▶ **What you are asked to do**: Your task is to copy the listing exactly, with the pictures left out.

▶ **The data**:
'''

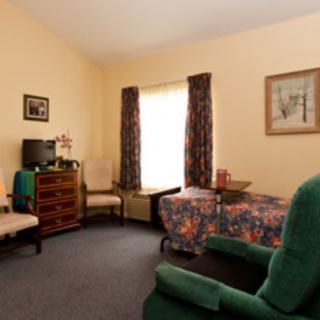 A cozy living room with comfortable chairs, a television, and floral decor.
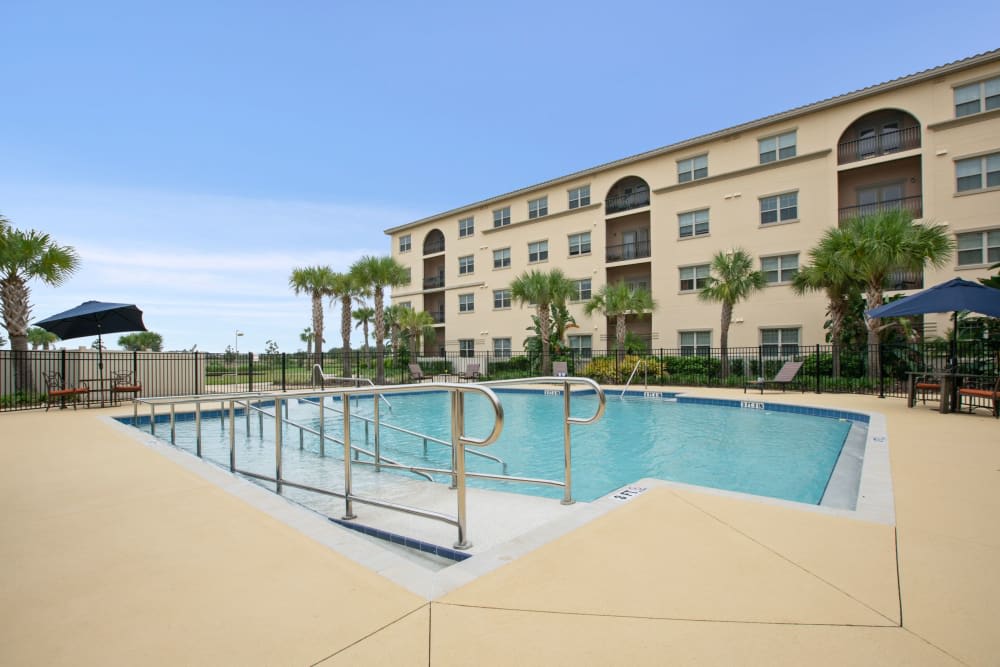 An outdoor swimming pool in front of an apartment building, surrounded by palm trees under a clear sky.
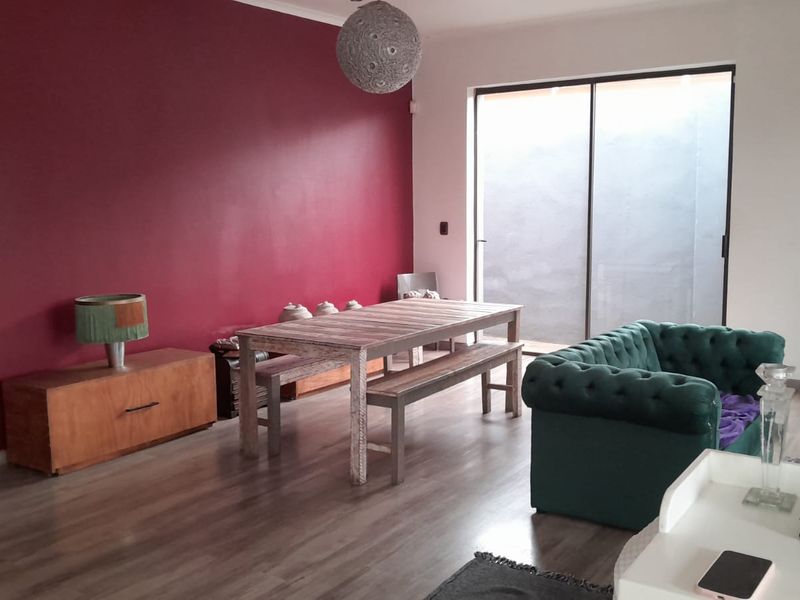 Spacious open-plan living and dining area featuring laminate flooring and a large sliding glass door providing access to the exterior.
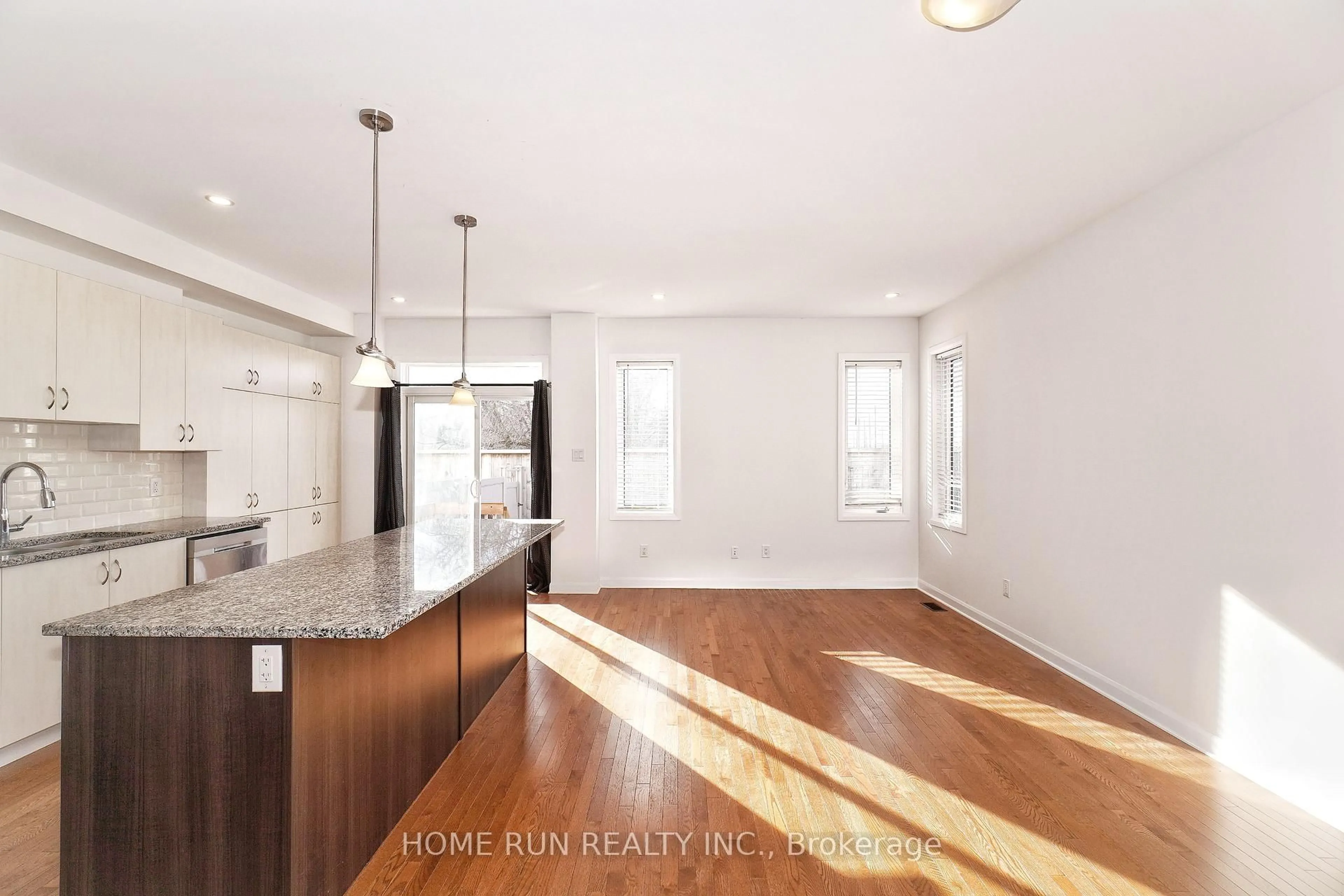 Open concept kitchen, wood/laminate floor for 552 Clemency Cres, Ottawa Ontario K2J 6R8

'''

▶ **Expected output**:
 A cozy living room with comfortable chairs, a television, and floral decor.
 An outdoor swimming pool in front of an apartment building, surrounded by palm trees under a clear sky.
 Spacious open-plan living and dining area featuring laminate flooring and a large sliding glass door providing access to the exterior.
 Open concept kitchen, wood/laminate floor for 552 Clemency Cres, Ottawa Ontario K2J 6R8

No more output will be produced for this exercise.